Ed è fra questi due poli opposti che il Parlamento dovrà  ora muoversi: il testo della riforma del lavoro dovrebbe essere presentato all’Aula in settimana. Della questione se n’è parlato al «vertice» di Taormina, dove – ad un dibattito organizzato da Confagricolura – si sono ritrovati i tre leader della maggioranza: Alfano, Bersani e Casini.

La necessità  di una soluzione rapida del caso sembra mettere d’accordo tutti: «Non è la riforma dell’articolo 18 che rischia di insabbiarsi, ma il governo stesso – è stata l’analisi del segretario dell’Udc Pier Ferdinando Casini – non si può tenere lì una bomba atomica sociale fino al risultato delle amministrative. La questione va aggredita.

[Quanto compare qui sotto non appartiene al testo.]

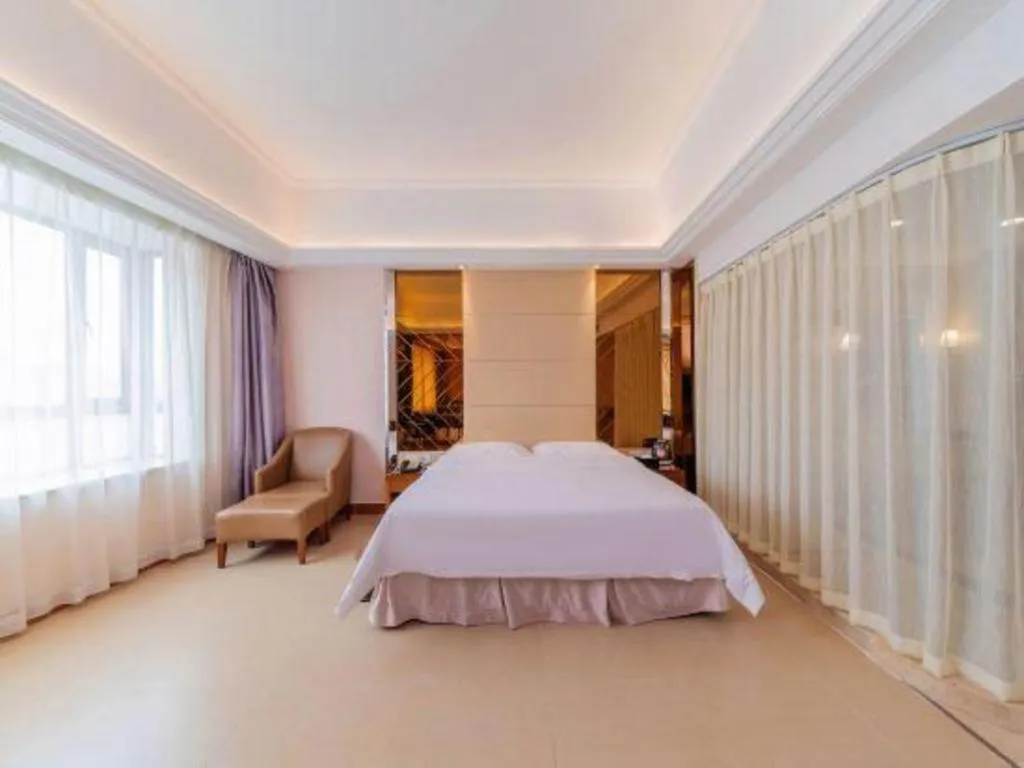 Bed in Regency Hotel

Un negoziato non si può tenere aperto ad libitum, bisogna arrivare al sodo, bisogna chiudere». Tempistica sulla quale Bersani concorda: «Sono per andare avanti con i tempi di un decreto – ha detto il leader del Pd – chiedo però che ci sia la possibilità  di discuterne.

La nostra proposta è di fare la riforma così com’è in Germania e Danimarca». Tuttavia, ha precisato il leader del Pd, «le norme non ci sono ancora: faccio notare che tutti i decreti che sono arrivati dal governo sono stati modificati dal Parlamento».

Per Pierluigi Bersani, i toni vanno comunque «abbassati»: «Se si troverà  una soluzione buona il Paese non si spaccherà ».

Quanto al Pdl «dieci anni fa abbiamo provato a riformare il lavoro, ma il clima è stato feroce – ha detto il segretario Angelino Alfano – Questi dieci anni li ha persi l’Italia».